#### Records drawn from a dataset

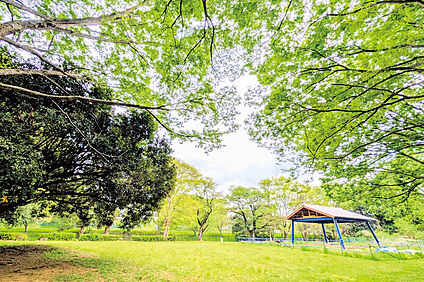 滝の城址公園（現地より徒歩2分） 約150m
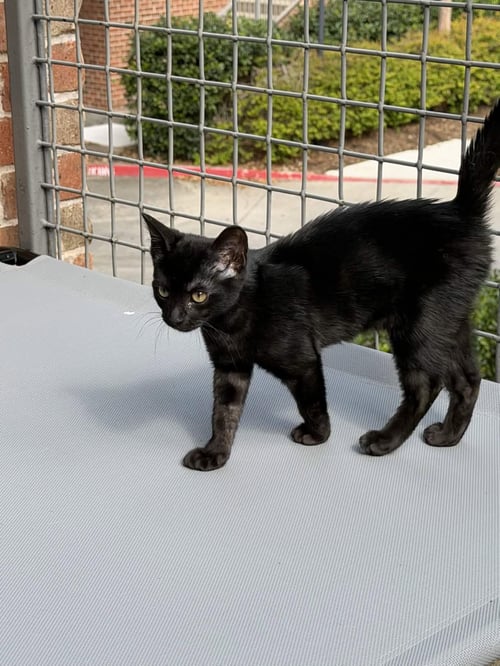 EEVEE - Domestic Short Hair for adoption in Fort Worth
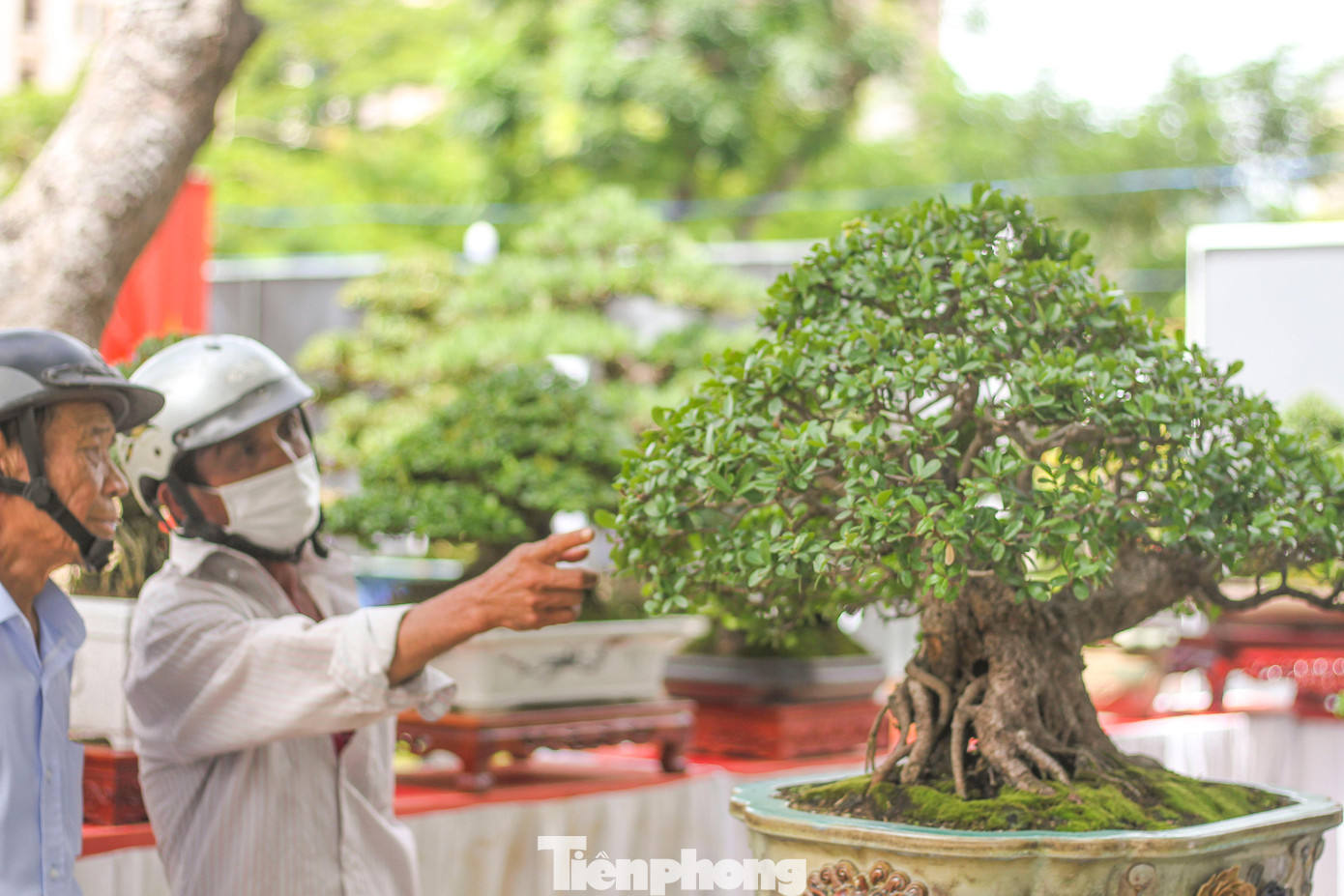 Đây cũng là dịp quảng bá những sản phẩm sinh vật cảnh đẹp của tỉnh, khơi dậy tiềm năng và động viên, phát triển phong trào sinh vật cảnh địa phương, đồng thời tạo cơ hội giao lưu, trao đổi nghề nghiệp giữa các nghệ nhân, nhà vườn nhằm giới thiệu những tác phẩm sinh vật cảnh đẹp.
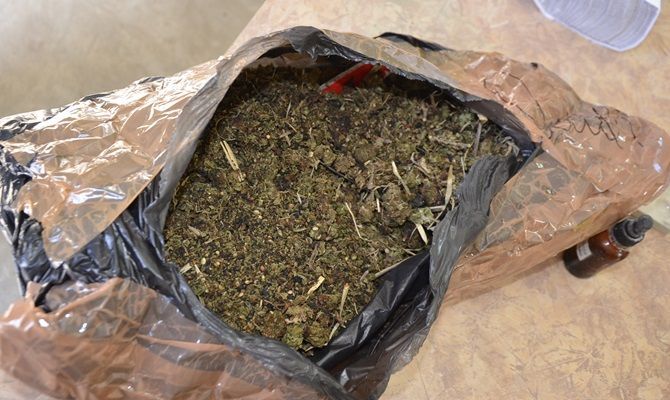 incineran narcoticos 2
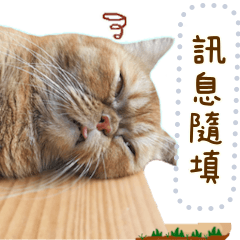 你好,貓3 ☆ 訊息貼圖隨你填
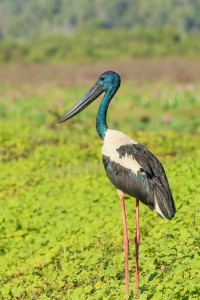 Jabiru Park - Fearnley Hide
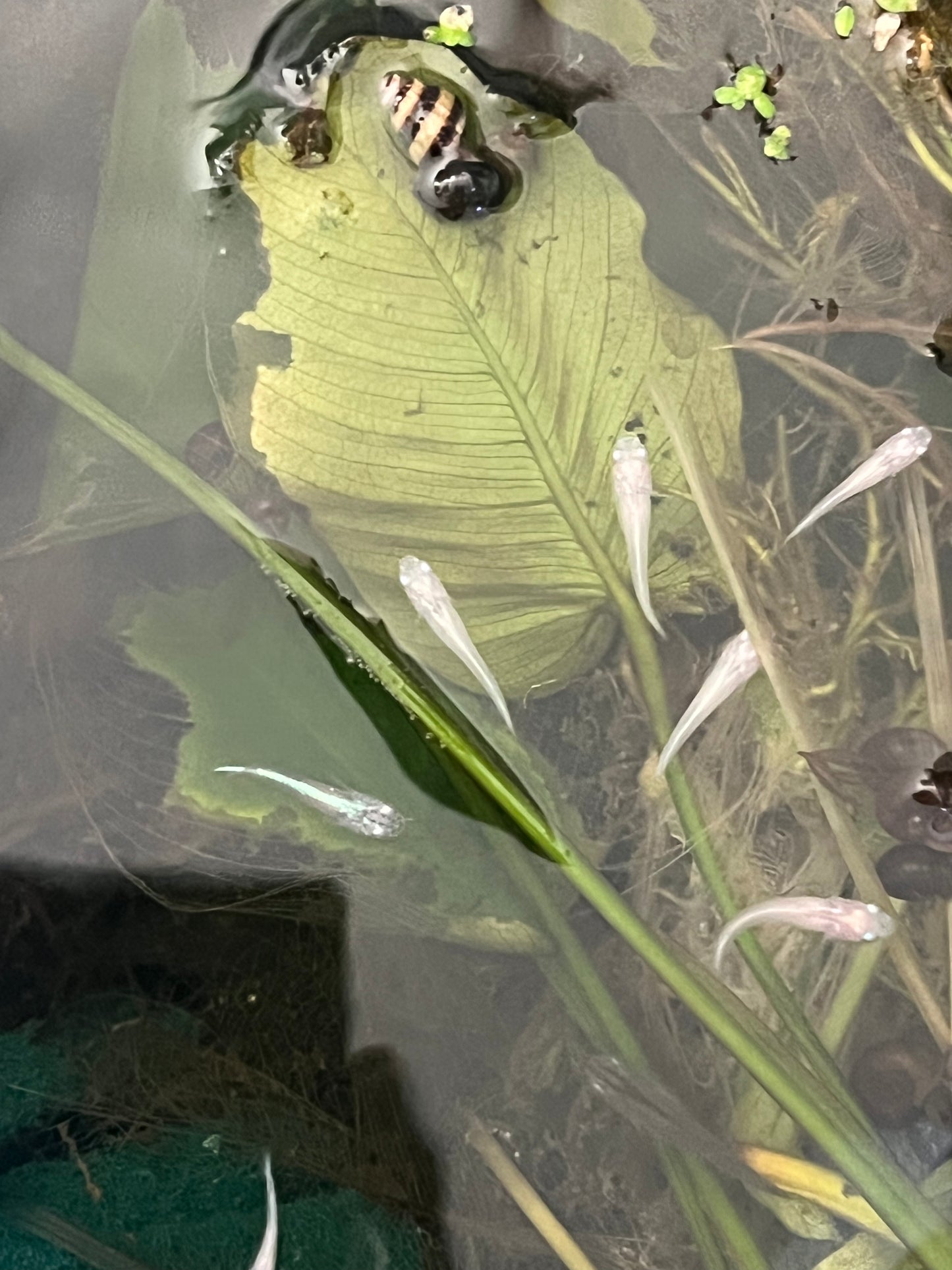 Platinum Medaka (Japanese Ricefish)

#### Required action
Your reply should consist of the data, transcribed exactly, and should hold no pictures.

#### Solution below
 滝の城址公園（現地より徒歩2分） 約150m
 EEVEE - Domestic Short Hair for adoption in Fort Worth
 Đây cũng là dịp quảng bá những sản phẩm sinh vật cảnh đẹp của tỉnh, khơi dậy tiềm năng và động viên, phát triển phong trào sinh vật cảnh địa phương, đồng thời tạo cơ hội giao lưu, trao đổi nghề nghiệp giữa các nghệ nhân, nhà vườn nhằm giới thiệu những tác phẩm sinh vật cảnh đẹp.
 incineran narcoticos 2
 你好,貓3 ☆ 訊息貼圖隨你填
 Jabiru Park - Fearnley Hide
 Platinum Medaka (Japanese Ricefish)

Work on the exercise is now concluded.